Britain Takes Over the Cryptologic War

 

 

Britain's cryptanalysts were busily making up for their years of halfhearted attempts to crack the machine. The Government Code and Cypher School (GC&CS)—a deliberately understated title—was moved out of crowded and bomb-vulnerable London. For its new home, the chief of the Secret Intelligence Service, eccentric millionaire Hugh Sinclair, had purchased the Bletchley Park estate in the town of Bletchley, a homely manufacturing and railway hub fifty miles to the northwest in Buckinghamshire. In August 1939, Alastair Denniston, picked by Sinclair to head up GC&CS, had investigated the accommodations at Bletchley Park. Even though the mansion was an architectural monstrosity, Denniston saw that the Park had other virtues. Chief among them was that it was located on a main rail line out of London and another line that connected Bletchley to both Oxford and Cambridge. Convinced, he made BP the GC&CS headquarters just before England was plunged into war against Germany.

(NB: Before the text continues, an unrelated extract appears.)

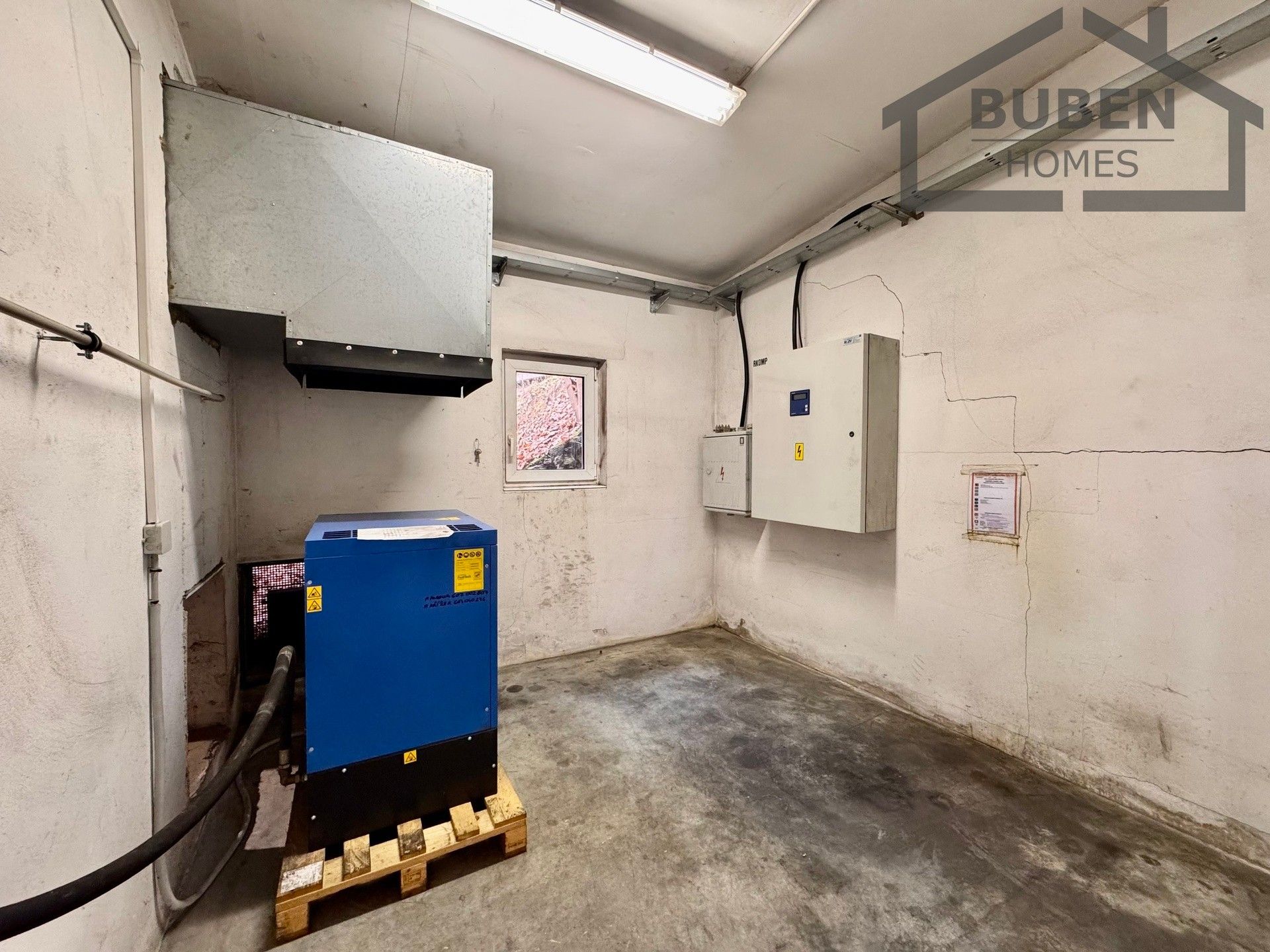Pronájem komerčního prostoru 613 m² - foto 25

British progress in cryptology owes much to Denniston. During the Great War, he was a bright young man in Britain's Room 40. He could have pursued a much more lucrative career elsewhere, but he stayed with the agency. With World War II approaching, he led the way in making changes that proved critical to BP's success. He realized, as the Poles had a decade earlier, that the new cryptology demanded different mind-sets, individuals with advanced mathematical skills, puzzle solvers, chess players, bridge addicts. He began tracking down such individuals, mainly in Cambridge and Oxford, and recruiting them. He launched a cryptography course to begin their training. Most important, he was a persuasive advocate for having most of Britain's cryptologic program centered in Bletchley. He knew that the kind of brains that excel in cryptanalysis are not common, and to have them joined in collaboration at one place was a distinct advantage. The Germans had bright analysts, but there were so many chiefs contending for Hitler's favor, with each zealously guarding his own turf, that the available brainpower was too fragmented ever to mount a coherent and consistent codebreaking program.